Smoking is good for childrens

This great example was pointed to me by Thomas Lumley from the University of Washington. The original dataset is here and its description there. Don't look at the original post on R-help diffusion list there because there is a hint inside.

fev <- read.table("http://pbil.univ-lyon1.fr/members/lobry/corcau/fev.txt")
names(fev) <-c("seqnbr","subjid","age","fev","height","sex","smoke")
smk  <- fev[fev$smoke == 1, ] # smokers
nsmk <- fev[fev$smoke == 2, ] # non smoker
boxplot(fev$fev~fev$smoke, col = c("pink","lightblue"),
        names = c(paste("smoking (n =", nrow(smk), ")"),
                  paste("non smoking (n =", nrow(nsmk), ")")),
        notch = TRUE,
        ylab = "Forced expiratory volume (l/s)",
        main = paste("Respiratory function for", nrow(fev),"childrens")) 

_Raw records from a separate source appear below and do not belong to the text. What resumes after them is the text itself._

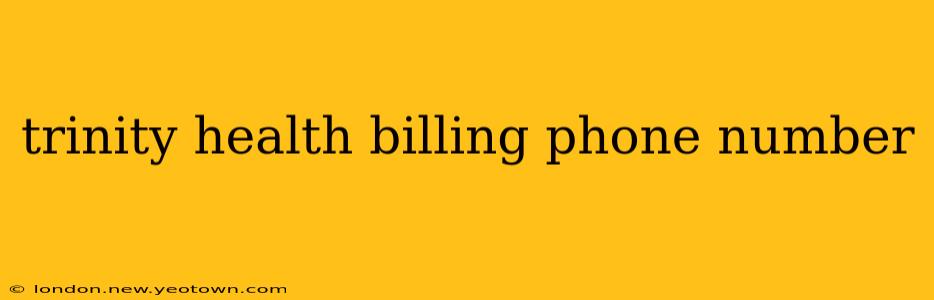 trinity health billing phone number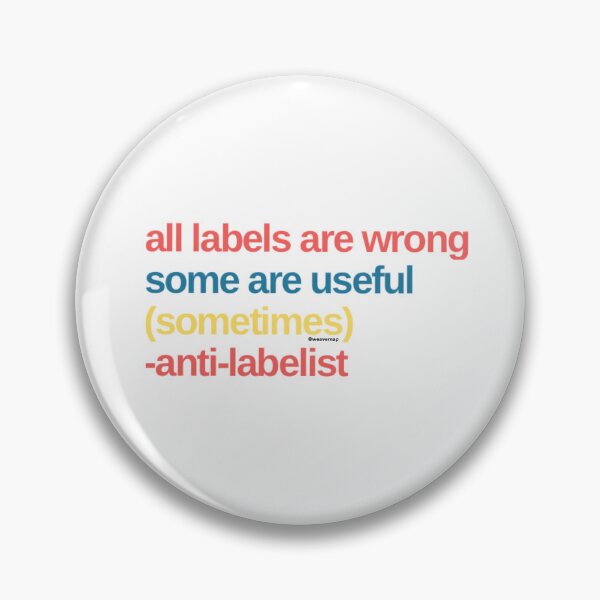 Item preview, All Labels Are Wrong designed and sold by weavernap.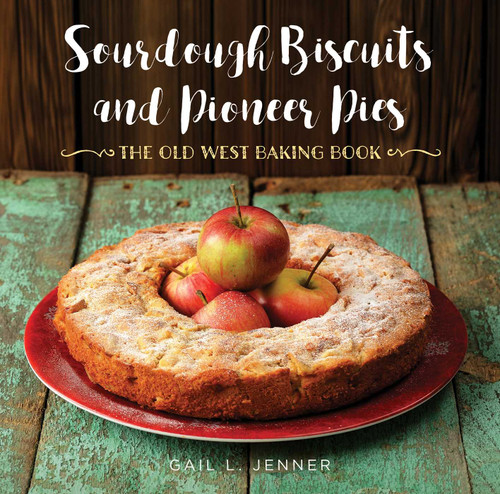 Sourdough Biscuits and Pioneer Pies (The Old West Baking Book) by Gail L. Jenner, 9781493029709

There is clearly a difference between the smoking and non-smoking group. Since the notches of the two boxplots do not overlap then, at a critical level of 5 %, we can reject the null hypothesis stating that the medians of the respiratory function are the same between the two groups. But but but ... wait a minute ... the results are better in the smoking group! I won't give here the solution of this apparently curious result, there are enough informations in this data set to understand what's going on. Smoking is of course not good for childrens, so why the smoking group has better respiratory results?

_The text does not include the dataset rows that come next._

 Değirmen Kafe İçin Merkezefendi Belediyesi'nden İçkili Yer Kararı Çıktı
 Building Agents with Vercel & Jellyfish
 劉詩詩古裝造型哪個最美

Super bowls and stock markets

This example was pointed to me by Jill Caviglia-Harris from Salisbury University. The Super Bowls is a popular sport contest in the USA, based on American football. The Super Bowl theory correlates U.S.A. stock market performance to the results of the super bowls. This theory (Sommers 2000) states that: "When a team from the National Football Conference wins the Super Bowl, the stock market goes up, and when it doesn't, the stock market goes down. Usually, that is. Alas, the predictive power of this rule is on the decline and in a few years it may be down to zero. The author does not predict what the next spurious correlation will be."

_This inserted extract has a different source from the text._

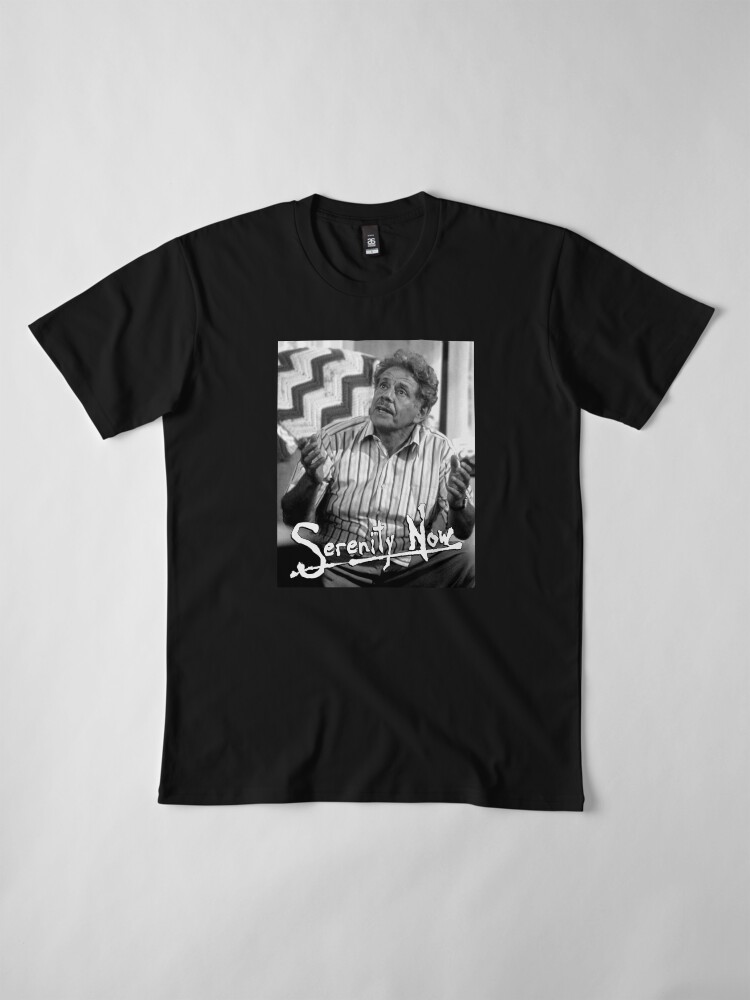 "Serenity Now / Apocalypse Now Frank Costanza" T-shirt by ...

sbt <- read.table("http://pbil.univ-lyon1.fr/members/lobry/corcau/sbt.txt")
sbt <- sbt[sbt$Year < 1999, ] # Don't look at all data
nfc  <- sbt[sbt$Conference == "NFC", ] # National Football Conference 
nnfc <- sbt[sbt$Conference == "AFC", ] # Non National Football Conference 

boxplot(sbt$Per~sbt$Conf, col = c("pink","lightblue"), 
        names = c(paste("non NFC (n =", nrow(nnfc), ")"), 
                 paste("NFC (n =", nrow(nfc), ")")), 
        notch = TRUE,
        ylab = "Percentage Change in DJIA ",
        main = paste("Super bowls and stock markets (",
                      min(sbt$Year), "-", max(sbt$Year), ")" ))

Arglll... Too bad! I loved this one too much! But it is not striking enough...

Si vis pacem para bellum

This dataset was posted by Albyn Jones from Reed College, in Portland, Oregon (USA) on R-help diffusion list. The expression "gun registration laws" refers to the fact that some USA states do not require mandatory licensing and registration of handguns. The gun registration indicator is taken from a USA Today article (Tuesday, January 7, 1992, PAGE 5A). The article reported that gun registration laws lead to increased numbers of homicides, a conclusion reached by comparing the mean number of homicides in states with gun registration laws to states without registration laws:

guns <- read.table("http://pbil.univ-lyon1.fr/members/lobry/corcau/guns.txt", header = TRUE)
grl  <- guns[guns$gunreg == 1, ] # States with gun registration laws
ngrl <- guns[guns$gunreg == 0, ] # States without gun registration laws
boxplot(guns$homicide~guns$gunreg, col = c("pink","lightblue"),
        notch = TRUE,
        ylab = "Homicide counts (log scale)",
        names = c(paste("No gun law (n =", nrow(ngrl), ")"), 
                  paste("Gun law (n =", nrow(grl), ")")),
        main = paste("Homicides in", nrow(guns),"USA states"),
        log = "y")

There is clearly a difference between the states with or without gun registration laws. Since the notches of the two boxplots do not overlap then, at a critical level of 5 %, we can reject the null hypothesis stating that the medians of homicide numbers are the same between the two groups. But but but ... wait a minute ... the results are better in the states without gun registration laws! Here again, there are enough informations in this data set to understand what's going on.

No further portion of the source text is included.